While this question may be old, I recently encountered the same issue and wanted to provide some additional insight regarding Tim's response.
If you opt to utilize RegisterClientScriptBlock as you inquired, your scripts will be generated during ClientScriptManager.RenderClientScriptBlocks, which is triggered by Page.BeginFormRender -- however, it is the Form that actually calls this method, not the Page itself.

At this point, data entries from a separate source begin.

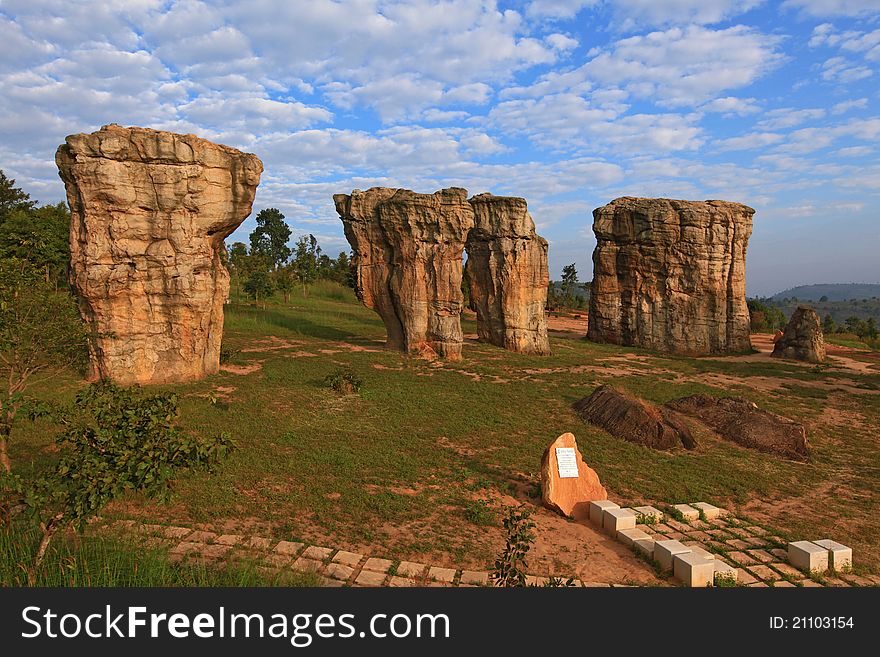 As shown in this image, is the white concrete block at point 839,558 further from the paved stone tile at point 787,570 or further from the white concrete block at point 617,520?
the white concrete block at point 617,520

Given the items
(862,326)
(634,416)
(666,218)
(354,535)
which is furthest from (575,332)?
(354,535)

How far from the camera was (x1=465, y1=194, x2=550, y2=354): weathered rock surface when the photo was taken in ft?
92.1

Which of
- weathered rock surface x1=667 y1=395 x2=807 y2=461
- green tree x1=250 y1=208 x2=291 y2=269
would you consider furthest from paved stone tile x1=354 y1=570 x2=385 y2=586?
green tree x1=250 y1=208 x2=291 y2=269

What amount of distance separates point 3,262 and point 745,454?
17.0 metres

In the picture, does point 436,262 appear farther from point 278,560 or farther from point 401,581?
point 401,581

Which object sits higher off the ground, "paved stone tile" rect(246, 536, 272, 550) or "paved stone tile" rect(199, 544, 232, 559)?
"paved stone tile" rect(199, 544, 232, 559)

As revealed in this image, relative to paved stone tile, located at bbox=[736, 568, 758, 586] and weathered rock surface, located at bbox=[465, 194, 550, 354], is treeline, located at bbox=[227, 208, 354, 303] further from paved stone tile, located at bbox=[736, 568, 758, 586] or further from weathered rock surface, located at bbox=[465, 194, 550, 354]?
paved stone tile, located at bbox=[736, 568, 758, 586]

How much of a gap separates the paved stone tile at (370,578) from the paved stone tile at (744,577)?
506 centimetres

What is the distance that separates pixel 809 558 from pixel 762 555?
66 centimetres

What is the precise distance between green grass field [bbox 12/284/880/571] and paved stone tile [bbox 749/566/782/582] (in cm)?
172

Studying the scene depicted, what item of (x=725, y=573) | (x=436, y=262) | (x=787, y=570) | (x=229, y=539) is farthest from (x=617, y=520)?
(x=436, y=262)

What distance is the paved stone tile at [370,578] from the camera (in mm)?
6927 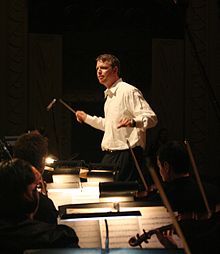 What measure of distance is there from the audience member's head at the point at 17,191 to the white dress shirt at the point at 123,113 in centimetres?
187

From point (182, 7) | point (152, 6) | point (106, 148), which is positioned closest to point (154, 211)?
point (182, 7)

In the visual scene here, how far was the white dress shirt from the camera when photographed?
12.5 ft

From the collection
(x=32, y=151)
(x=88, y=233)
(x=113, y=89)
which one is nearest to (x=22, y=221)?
(x=88, y=233)

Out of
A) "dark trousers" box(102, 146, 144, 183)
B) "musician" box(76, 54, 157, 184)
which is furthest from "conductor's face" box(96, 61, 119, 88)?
"dark trousers" box(102, 146, 144, 183)

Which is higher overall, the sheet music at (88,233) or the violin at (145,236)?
the violin at (145,236)

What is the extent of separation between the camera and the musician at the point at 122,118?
3795 mm

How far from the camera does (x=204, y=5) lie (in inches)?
307

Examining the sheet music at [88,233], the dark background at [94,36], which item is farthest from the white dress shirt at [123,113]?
the dark background at [94,36]

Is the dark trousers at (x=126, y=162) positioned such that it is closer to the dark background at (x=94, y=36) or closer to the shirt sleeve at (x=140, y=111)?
the shirt sleeve at (x=140, y=111)

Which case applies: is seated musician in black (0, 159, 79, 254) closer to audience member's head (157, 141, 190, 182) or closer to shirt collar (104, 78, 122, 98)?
audience member's head (157, 141, 190, 182)

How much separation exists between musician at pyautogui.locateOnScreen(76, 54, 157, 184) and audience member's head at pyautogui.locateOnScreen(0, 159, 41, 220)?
182 cm

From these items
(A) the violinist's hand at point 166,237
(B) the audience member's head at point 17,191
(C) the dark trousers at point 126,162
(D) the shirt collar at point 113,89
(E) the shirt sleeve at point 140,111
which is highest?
(D) the shirt collar at point 113,89

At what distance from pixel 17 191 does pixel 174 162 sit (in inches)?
42.4

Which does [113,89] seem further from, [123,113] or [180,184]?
[180,184]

Here is the series of events:
- Page.ProcessRequestMain (upon reaching the render section) invokes
- (Page's base class) Control.RenderControl which triggers
- Control.RenderChildren looping through all child controls eventually leading to
- HtmlForm.RenderControl which subsequently leads to
- HtmlForm.RenderChildren being the crucial step we are focusing on
Referring to Reflector:
protected internal override void RenderChildren(HtmlTextWriter writer)
{
Page page = this.Page;
if (page != null)
{
page.OnFormRender();
page.BeginFormRender(writer, this.UniqueID);
}
base.RenderChildren(writer);
if (page != null)
{
page.EndFormRender(writer, this.UniqueID);
page.OnFormPostRender();
}
}
Note the invocations to page.BeginFormRender and page.EndFormRender. In between them, the form calls its base.RenderChildren which ultimately invokes the Render method on your custom User Control. Therefore, sticking to the original question, you are unable to interact with the ClientScriptBlocks segment of scripts at any point within the Render sequence of any child control since they have already been outputted to the Response stream. However, you do have the ability to include scripts in this block during the Render sequence if you are within the Page's Render method before calling base.Render, as mentioned by Tim. Alas, this approach does not apply to any type of child control.
In case you solely rely on the Render sequence (which mirrors my current predicament), you can resort to using ClientScript.RegisterStartupScript within your control's Render. This is viable as RenderClientStartupScripts is triggered during page.EndFormRender, following the rendering of your controls, as evidenced in the aforementioned code snippet.